The Apostle Paul assures us that Christ died on a tree in order to redeem the Jews from the curse

of the Law, as we read in Galatians 3: 13:


“Christ hath redeemed us from the curse of the law, being made a curse for us: for it is written,

Cursed is every one that hangeth on a tree.”


The reason why He had to die on a tree to redeem the Jews is that to die on a tree was the

extreme penalty of the Law, and that for its worst violations (Deuteronomy 21: 23). For less

gross sins there were milder ways of meting out the death penalty under the Law, such as

stoning, etc. In order for Jesus to bear its penalty for all transgressions against the Law,

especially the worst ones, He had to submit to its severest penalty of hanging on a tree, “even the

death of the cross” (Philippians 2: 8).


Israel’s second sentence to death – brought about under the Law Covenant – was because Moses,

their Mediator, failed to keep himself, and all those for whom he mediated, perfect before the bar

of Divine Justice.
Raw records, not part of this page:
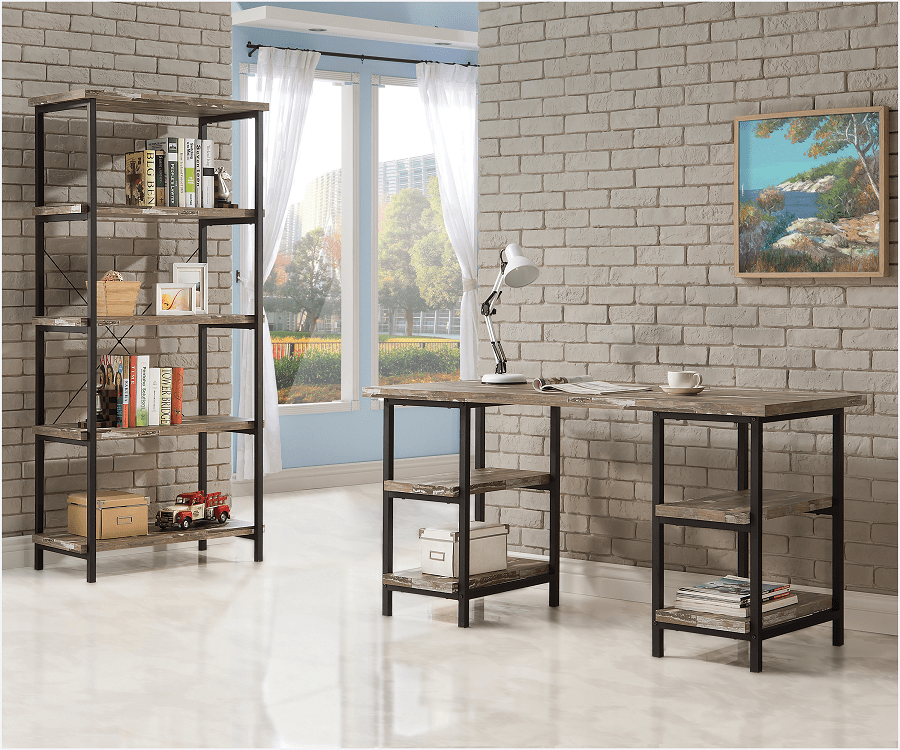 Kemper Salvaged Cabin Bookcase by Coaster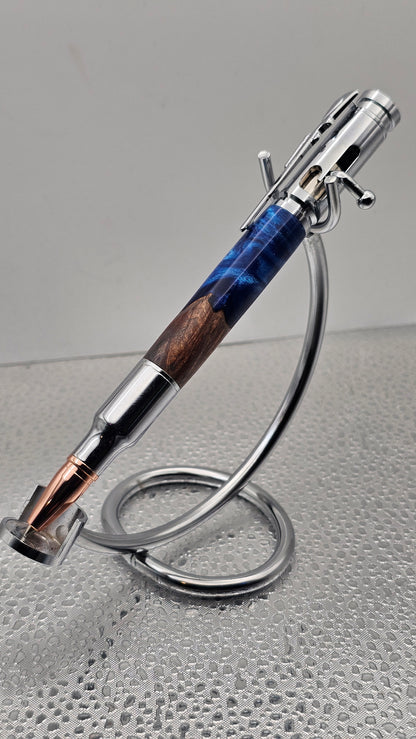Handmade Pencil, Chrome 30 Cal Bolt-Action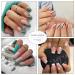 BABALAL Short Square Fake Nails - Glossy Black Acrylic French Press on Nails for Women & Girls - Buy Online on GoSupps.com
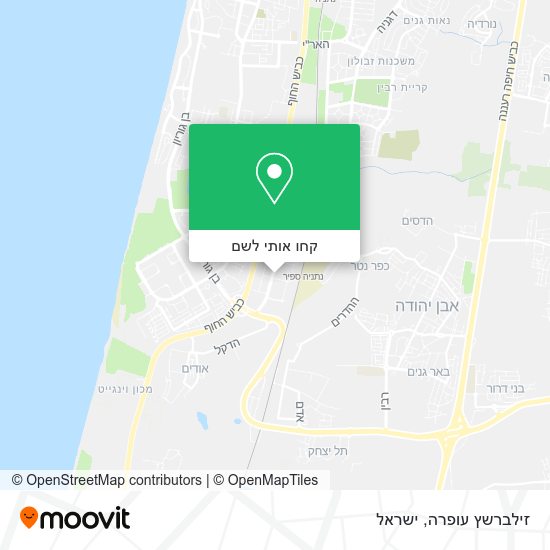 מפת זילברשץ עופרה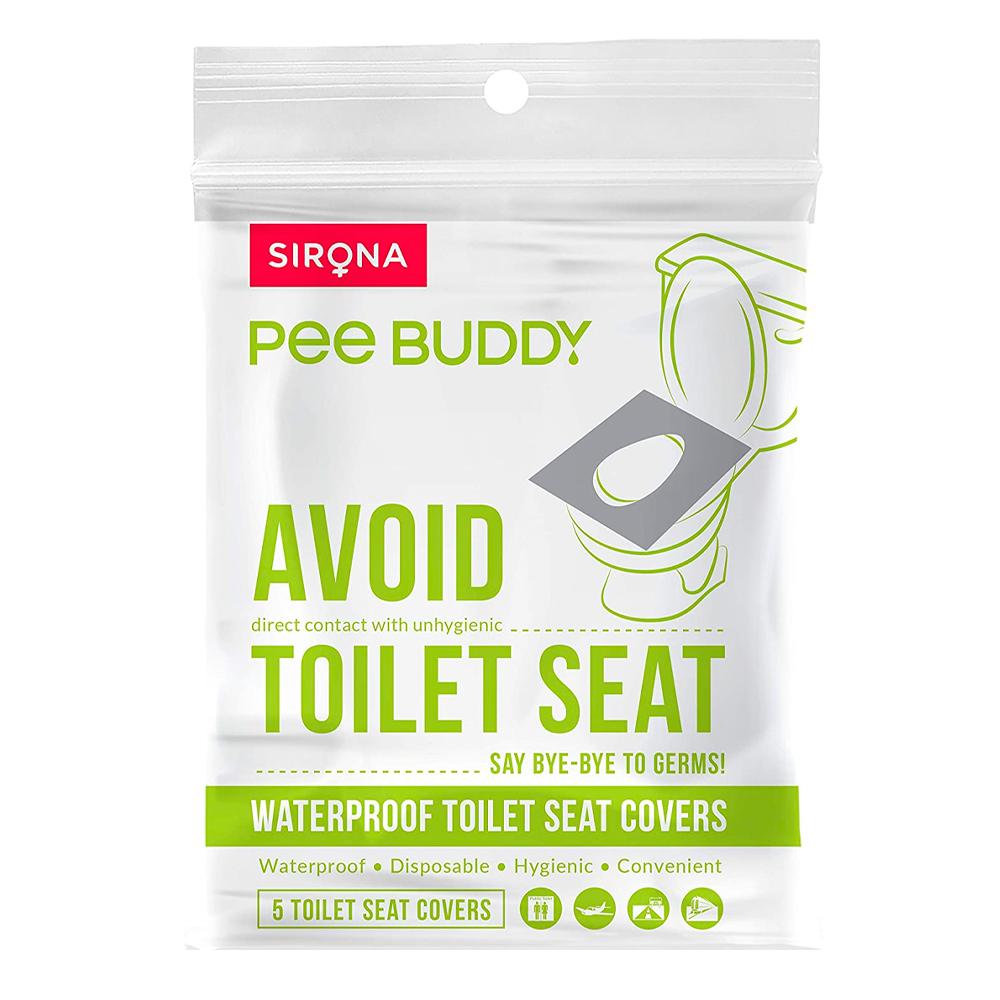 Sirona - Pee Buddy - Waterproof Toilet Seat Covers - Pack Of 5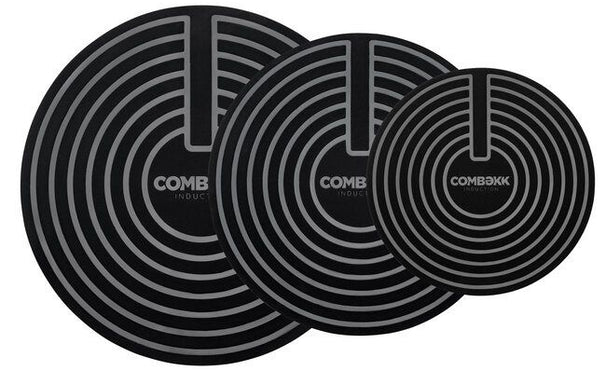 Protection plaque induction / Tapis de cuisson Combekk en silicone - Ø 18 / 24 / 28 cm - 3 pièces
Jesus, as a substitute for Moses, and therefore for Israel in Moses, had to die

under the extreme penalty of the Law in a most public manner as a law-condemned sinner, to

atone for Moses and for the whole nation, including its most wicked sins, for which fallen Moses

could not atone.


Because of Jesus’ sacrifice, while obeying the Law perfectly, He gained the Mediatorial office

that Moses lost by sin, and He will use this office in the next Age for releasing Israel from the

Old Law Covenant and for bringing them under the New Law Covenant.